(Data extracted from a collection)
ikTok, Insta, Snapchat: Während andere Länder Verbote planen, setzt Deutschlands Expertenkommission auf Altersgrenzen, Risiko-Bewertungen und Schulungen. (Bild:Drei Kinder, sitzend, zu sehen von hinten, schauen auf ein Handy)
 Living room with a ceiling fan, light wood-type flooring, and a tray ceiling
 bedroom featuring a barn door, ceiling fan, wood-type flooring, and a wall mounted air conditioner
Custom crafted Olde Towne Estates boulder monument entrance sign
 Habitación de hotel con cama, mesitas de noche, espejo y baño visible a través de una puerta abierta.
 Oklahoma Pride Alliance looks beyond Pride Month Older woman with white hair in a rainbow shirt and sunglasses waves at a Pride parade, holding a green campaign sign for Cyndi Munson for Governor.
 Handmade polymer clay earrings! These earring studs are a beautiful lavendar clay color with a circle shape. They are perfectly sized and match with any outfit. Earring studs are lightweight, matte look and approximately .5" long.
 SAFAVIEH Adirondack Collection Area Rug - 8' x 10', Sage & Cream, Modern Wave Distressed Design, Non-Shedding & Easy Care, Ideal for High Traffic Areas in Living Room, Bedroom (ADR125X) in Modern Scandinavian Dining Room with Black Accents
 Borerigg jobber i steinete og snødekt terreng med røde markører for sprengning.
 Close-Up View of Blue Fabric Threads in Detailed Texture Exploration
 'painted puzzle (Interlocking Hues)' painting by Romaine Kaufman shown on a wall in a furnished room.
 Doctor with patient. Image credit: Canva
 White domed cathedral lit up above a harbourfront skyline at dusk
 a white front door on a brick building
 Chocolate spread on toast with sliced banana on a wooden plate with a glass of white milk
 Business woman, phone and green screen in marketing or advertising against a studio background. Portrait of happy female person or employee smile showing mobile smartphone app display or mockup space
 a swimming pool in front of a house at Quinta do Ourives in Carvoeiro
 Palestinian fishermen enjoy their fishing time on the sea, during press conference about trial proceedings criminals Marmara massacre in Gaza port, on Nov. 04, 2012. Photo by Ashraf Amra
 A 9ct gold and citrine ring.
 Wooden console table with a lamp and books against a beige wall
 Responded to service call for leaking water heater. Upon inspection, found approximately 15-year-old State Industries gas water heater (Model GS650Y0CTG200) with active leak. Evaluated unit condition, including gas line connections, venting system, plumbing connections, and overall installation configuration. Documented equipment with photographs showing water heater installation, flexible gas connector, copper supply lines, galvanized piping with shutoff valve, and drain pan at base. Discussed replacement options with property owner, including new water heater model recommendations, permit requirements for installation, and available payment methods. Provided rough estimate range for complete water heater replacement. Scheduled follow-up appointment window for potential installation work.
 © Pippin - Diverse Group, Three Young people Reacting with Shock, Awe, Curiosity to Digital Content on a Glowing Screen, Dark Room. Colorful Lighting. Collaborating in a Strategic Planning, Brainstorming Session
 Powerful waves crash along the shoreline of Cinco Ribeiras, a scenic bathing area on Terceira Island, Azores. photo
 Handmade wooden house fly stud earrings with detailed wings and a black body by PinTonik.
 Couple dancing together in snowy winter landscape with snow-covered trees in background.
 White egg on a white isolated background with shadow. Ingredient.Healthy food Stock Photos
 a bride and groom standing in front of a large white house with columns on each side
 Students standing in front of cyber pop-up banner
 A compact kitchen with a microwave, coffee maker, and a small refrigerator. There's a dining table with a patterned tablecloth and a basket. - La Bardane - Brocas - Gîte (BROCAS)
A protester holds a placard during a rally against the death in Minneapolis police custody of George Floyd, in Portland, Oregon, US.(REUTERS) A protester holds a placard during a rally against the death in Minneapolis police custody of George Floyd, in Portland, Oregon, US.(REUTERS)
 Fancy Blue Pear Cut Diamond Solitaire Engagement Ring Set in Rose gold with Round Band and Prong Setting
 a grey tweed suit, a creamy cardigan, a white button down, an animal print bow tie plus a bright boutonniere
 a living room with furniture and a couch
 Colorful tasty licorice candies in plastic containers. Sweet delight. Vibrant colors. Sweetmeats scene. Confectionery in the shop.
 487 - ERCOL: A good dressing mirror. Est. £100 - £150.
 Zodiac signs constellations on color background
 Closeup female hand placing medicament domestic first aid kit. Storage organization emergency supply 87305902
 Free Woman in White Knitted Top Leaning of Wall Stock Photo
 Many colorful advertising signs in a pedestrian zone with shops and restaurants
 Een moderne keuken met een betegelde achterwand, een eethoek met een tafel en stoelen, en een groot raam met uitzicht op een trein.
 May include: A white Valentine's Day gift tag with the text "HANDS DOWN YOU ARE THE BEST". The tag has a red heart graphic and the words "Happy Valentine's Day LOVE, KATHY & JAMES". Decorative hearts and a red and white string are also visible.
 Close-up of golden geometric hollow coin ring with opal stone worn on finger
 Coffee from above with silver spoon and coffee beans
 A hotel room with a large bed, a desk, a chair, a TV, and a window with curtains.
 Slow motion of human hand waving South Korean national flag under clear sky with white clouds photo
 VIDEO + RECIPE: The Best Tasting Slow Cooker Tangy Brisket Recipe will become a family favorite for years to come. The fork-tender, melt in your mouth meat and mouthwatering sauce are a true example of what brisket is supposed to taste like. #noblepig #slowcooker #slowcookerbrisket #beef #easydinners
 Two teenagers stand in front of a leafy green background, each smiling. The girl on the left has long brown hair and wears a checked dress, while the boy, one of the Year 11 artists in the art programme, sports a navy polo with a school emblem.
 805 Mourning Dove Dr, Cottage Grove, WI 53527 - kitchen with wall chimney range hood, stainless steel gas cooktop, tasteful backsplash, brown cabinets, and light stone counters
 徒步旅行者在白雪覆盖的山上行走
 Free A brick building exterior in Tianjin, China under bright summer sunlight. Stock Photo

**Instructions for the task**
Pick each line holding "kitchen" out of the entries above and return it.

**Response area**
 A compact kitchen with a microwave, coffee maker, and a small refrigerator. There's a dining table with a patterned tablecloth and a basket. - La Bardane - Brocas - Gîte (BROCAS)
 805 Mourning Dove Dr, Cottage Grove, WI 53527 - kitchen with wall chimney range hood, stainless steel gas cooktop, tasteful backsplash, brown cabinets, and light stone counters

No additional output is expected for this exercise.